I found it at the beginning of the north extension near the second bathroom. It’s got a homemade look to it; a modified garden shed most likely. Unfortunately, it was shuttered the day we were there, and a pickup truck was parked partially in front of it. I never did get to look inside. Perhaps campers enjoy BBQs on summer weekends.
CAMPGROUND OFFICE AND STORE PLUS HOST
We arrived late in the afternoon of a long weekend Monday, and I think management was already in recovery mode. The office was closed and nobody was around to check us in. Our site confirmation was posted on the building exterior, and we just went to our allotted campsite and set up.
The office building is made of shaped logs with a covered porch out front. Multiple blooming flower baskets make for a welcoming presentation. It’s located immediately across the road from the bathroom/shower building.
I never did make my way inside during our short stay. Looking through the windows it appears that a bare minimum convenience store accompanies the office. I could see two coolers inside, one for ice cream treats and the other possibly for ice. An assortment of condiments lined a shelf above the freezers. Being so close to Kamloops, there really isn’t demand for a robust store here. Just emergency items or treats.
Right next to the office is a campground host. I didn’t see them either, but the items in their yard moved around so someone was home. It looks like you can purchase firewood from the host. We never had to since another tent camper who was leaving soon after we arrived, gifted us their leftover wood. Thank you, kind stranger.
We spent only one night at this campground and I’m glad that’s all we needed of the place. It suited our requirements well, but Knutsford Campground is obviously not a vacation spot. It may be an ideal, frugal place for temporary or transient workers to set up their “home” but if you’re looking for a weekend of relaxation or a weeklong family vacation, you’ll probably want to go somewhere else.

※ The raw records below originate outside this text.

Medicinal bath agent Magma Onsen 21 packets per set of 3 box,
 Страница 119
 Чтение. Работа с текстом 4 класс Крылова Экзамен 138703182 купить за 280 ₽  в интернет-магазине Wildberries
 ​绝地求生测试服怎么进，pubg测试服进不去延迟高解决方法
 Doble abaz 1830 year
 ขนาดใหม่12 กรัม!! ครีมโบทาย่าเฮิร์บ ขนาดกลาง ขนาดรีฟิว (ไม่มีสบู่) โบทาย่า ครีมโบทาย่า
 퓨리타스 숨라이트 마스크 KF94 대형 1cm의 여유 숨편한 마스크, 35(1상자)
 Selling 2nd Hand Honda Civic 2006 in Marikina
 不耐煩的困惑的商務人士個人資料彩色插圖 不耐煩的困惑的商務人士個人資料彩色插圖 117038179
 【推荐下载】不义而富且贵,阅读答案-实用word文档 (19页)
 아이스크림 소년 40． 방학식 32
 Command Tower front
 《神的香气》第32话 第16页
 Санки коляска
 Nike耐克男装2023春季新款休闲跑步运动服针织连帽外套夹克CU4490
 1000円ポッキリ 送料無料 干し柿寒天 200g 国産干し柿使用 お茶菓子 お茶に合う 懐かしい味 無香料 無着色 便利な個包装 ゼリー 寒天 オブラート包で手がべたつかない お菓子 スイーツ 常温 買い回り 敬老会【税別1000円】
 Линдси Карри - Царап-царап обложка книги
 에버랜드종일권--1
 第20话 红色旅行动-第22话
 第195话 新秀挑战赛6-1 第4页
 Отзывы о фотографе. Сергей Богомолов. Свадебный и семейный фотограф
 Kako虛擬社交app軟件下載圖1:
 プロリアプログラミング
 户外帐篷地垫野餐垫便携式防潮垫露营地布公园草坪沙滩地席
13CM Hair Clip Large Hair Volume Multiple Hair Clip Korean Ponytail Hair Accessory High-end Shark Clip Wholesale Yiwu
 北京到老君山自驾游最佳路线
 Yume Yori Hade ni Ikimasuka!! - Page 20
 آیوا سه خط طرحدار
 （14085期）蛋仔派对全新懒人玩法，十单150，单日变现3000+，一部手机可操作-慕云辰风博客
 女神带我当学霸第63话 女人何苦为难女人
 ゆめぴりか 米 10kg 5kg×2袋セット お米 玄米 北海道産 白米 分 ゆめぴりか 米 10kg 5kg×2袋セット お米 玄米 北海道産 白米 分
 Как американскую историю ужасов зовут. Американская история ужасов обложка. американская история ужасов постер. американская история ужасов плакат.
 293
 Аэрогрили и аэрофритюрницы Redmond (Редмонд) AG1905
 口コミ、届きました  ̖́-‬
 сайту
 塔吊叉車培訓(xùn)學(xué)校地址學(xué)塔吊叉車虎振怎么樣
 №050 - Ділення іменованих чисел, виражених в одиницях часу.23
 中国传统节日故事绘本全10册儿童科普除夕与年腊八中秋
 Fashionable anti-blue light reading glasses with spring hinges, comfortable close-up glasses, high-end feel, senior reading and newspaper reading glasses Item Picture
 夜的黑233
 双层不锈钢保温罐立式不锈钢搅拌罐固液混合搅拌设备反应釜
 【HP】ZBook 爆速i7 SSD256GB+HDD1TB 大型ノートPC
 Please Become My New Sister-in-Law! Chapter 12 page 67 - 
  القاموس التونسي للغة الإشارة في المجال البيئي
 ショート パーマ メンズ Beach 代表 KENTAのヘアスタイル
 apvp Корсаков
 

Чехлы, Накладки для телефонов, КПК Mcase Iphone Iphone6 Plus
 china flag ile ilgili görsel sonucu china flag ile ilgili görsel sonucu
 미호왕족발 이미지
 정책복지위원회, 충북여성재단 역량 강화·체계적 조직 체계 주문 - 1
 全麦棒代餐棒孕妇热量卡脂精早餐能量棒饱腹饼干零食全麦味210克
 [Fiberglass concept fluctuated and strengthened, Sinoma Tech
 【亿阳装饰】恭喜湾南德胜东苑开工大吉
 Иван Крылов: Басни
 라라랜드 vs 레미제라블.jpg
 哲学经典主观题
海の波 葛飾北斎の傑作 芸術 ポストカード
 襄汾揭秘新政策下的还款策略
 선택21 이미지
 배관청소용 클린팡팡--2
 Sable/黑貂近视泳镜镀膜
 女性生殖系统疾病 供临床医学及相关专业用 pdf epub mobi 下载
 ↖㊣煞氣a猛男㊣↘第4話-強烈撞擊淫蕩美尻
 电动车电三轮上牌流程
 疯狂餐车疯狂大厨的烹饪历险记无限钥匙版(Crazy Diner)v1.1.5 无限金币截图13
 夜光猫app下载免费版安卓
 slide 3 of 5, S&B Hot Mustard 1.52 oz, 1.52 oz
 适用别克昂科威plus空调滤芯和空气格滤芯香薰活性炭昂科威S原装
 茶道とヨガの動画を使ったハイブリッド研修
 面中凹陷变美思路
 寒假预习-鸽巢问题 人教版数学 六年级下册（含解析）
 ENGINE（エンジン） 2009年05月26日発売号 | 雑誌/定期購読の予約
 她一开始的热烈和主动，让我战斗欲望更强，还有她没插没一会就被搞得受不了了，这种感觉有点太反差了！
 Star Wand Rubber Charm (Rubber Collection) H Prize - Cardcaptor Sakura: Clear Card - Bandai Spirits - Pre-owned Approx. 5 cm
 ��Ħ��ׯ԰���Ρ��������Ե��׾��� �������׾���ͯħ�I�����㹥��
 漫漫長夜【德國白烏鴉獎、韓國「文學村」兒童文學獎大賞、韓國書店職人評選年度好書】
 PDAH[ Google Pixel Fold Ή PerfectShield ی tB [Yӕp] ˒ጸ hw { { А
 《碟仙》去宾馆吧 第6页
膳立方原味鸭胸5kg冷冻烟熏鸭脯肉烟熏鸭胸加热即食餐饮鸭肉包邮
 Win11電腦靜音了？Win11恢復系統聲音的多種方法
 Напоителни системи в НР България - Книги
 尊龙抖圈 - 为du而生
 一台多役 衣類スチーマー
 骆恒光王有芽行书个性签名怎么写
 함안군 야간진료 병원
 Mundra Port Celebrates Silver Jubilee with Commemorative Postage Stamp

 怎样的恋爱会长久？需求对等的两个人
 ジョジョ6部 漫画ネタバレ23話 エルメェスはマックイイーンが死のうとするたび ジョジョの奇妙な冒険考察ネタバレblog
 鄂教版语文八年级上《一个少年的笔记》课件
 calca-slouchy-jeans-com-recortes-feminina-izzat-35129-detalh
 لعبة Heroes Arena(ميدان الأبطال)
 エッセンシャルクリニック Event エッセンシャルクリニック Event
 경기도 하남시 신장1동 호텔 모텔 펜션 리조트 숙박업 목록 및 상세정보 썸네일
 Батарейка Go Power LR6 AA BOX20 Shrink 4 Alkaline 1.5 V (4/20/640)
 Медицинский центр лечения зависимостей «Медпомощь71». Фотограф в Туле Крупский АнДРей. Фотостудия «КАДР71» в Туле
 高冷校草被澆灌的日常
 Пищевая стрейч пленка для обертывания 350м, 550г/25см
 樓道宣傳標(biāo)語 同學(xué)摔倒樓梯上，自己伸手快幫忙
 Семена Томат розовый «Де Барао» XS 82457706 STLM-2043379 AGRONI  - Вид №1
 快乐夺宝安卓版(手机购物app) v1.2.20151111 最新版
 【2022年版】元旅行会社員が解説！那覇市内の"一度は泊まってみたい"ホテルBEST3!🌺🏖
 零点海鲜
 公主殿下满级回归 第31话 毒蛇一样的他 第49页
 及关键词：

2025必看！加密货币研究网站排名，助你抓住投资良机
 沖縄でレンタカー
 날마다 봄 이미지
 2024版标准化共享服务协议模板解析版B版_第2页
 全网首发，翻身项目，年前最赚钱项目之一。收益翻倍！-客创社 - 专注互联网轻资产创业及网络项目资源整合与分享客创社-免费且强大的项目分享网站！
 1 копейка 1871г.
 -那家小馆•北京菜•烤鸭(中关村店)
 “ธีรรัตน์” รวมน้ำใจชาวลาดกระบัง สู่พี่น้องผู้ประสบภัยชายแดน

I’ll grant Knutsford Campground 3 Baby Dill Pickles out of 5. The bathrooms and showers are nicely upgraded, and the modest playground is nice to have. The garden and potted flowers pretty up an otherwise underwhelming campground void of scenery. Even the brook was rather disinteresting.
None of this should be taken as denigrating to the campground or its proprietors. It serves a valuable function and does so well, for the most part. I’m glad I found it and enjoyed our night there. If you’re in similar need while travelling through Kamloops, check it out. Even if only for the name.